*** Opening of MATERIALS PROVIDED ***
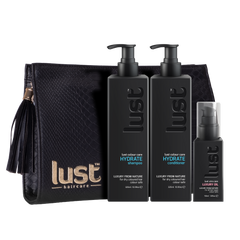 Lust Hydrate Shampoo Conditioner & Luxury Oil Trio Pack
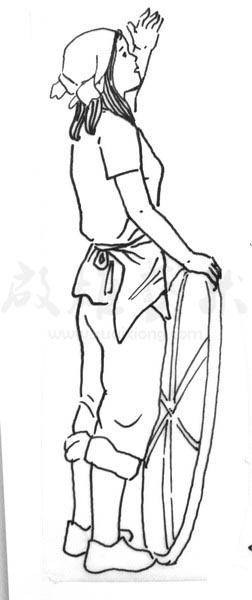 白描人物三千图47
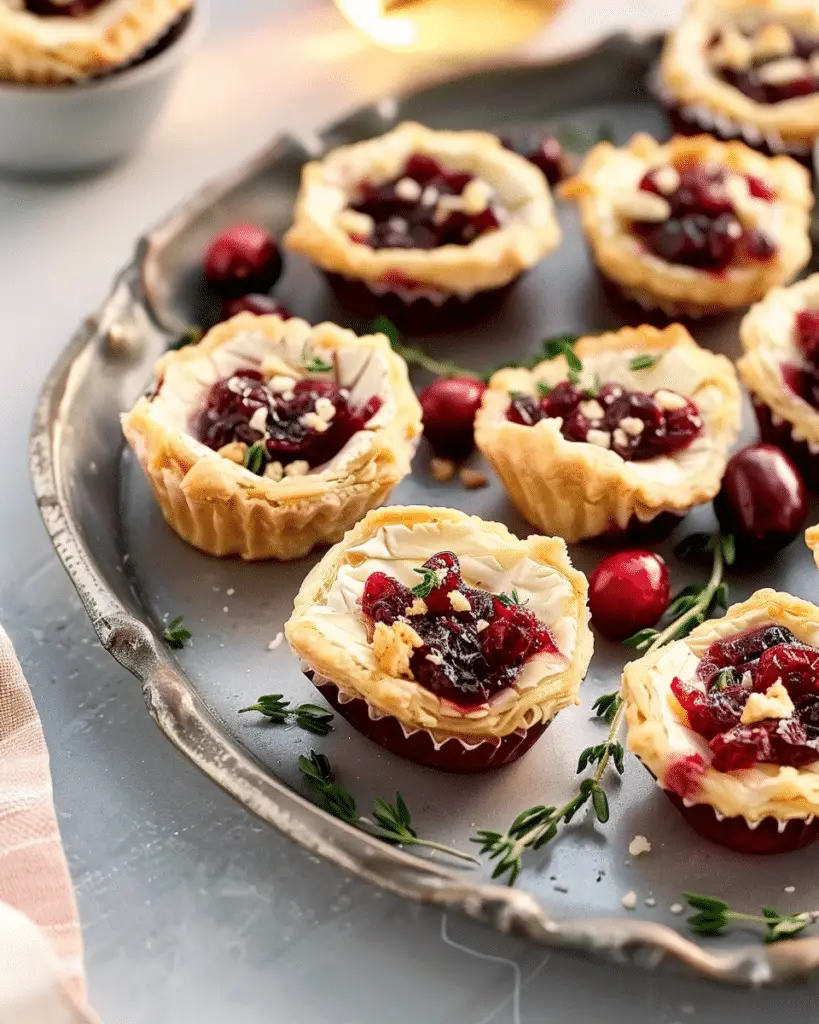 Best Cranberry Brie Bites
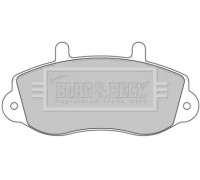 Комплект тормозных колодок, дисковый тормоз BORG and BECK BBP1638 BBP1638 BORG and BECK - купить в магазине запчастей по Украине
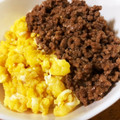 m＆まりぃ's cooksnap of when they made 肉そぼろと卵そぼろの二色丼.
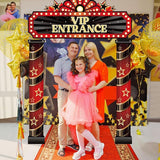 3 Pcs Movie Night Porch Sign Banner Movie Theme Party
*** Close of MATERIALS PROVIDED ***
- _TASK STATEMENT_
Return exactly the lines that begin with the one containing "Комплект тормозных колодок, дисковый" and end with the final line of the data above; include no pictures.

- _EXERCISE RESULT_
 Комплект тормозных колодок, дисковый тормоз BORG and BECK BBP1638 BBP1638 BORG and BECK - купить в магазине запчастей по Украине
 m＆まりぃ's cooksnap of when they made 肉そぼろと卵そぼろの二色丼.
 3 Pcs Movie Night Porch Sign Banner Movie Theme Party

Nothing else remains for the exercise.